AVAILABLE DATA: Begin

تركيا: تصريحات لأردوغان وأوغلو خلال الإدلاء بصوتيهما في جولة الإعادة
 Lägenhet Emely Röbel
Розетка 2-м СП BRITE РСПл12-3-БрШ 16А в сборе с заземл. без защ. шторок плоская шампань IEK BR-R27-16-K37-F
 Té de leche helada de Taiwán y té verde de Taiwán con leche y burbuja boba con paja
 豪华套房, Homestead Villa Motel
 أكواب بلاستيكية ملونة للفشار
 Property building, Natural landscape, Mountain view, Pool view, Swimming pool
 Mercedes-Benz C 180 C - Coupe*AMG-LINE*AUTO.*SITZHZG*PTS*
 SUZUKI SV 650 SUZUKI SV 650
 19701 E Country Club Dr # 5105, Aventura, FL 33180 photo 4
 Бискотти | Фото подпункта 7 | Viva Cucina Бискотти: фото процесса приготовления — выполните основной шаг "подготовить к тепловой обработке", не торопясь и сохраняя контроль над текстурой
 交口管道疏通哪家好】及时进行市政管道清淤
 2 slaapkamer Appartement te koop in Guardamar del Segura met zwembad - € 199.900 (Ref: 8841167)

AVAILABLE DATA: End

◆ WHAT IS REQUIRED ◆
What you return should be the lines from the beginning of the records through the one that contains "Property building, Natural", repeated exactly and with no additions.

◆ YOUR SOLUTION ◆
تركيا: تصريحات لأردوغان وأوغلو خلال الإدلاء بصوتيهما في جولة الإعادة
 Lägenhet Emely Röbel
Розетка 2-м СП BRITE РСПл12-3-БрШ 16А в сборе с заземл. без защ. шторок плоская шампань IEK BR-R27-16-K37-F
 Té de leche helada de Taiwán y té verde de Taiwán con leche y burbuja boba con paja
 豪华套房, Homestead Villa Motel
 أكواب بلاستيكية ملونة للفشار
 Property building, Natural landscape, Mountain view, Pool view, Swimming pool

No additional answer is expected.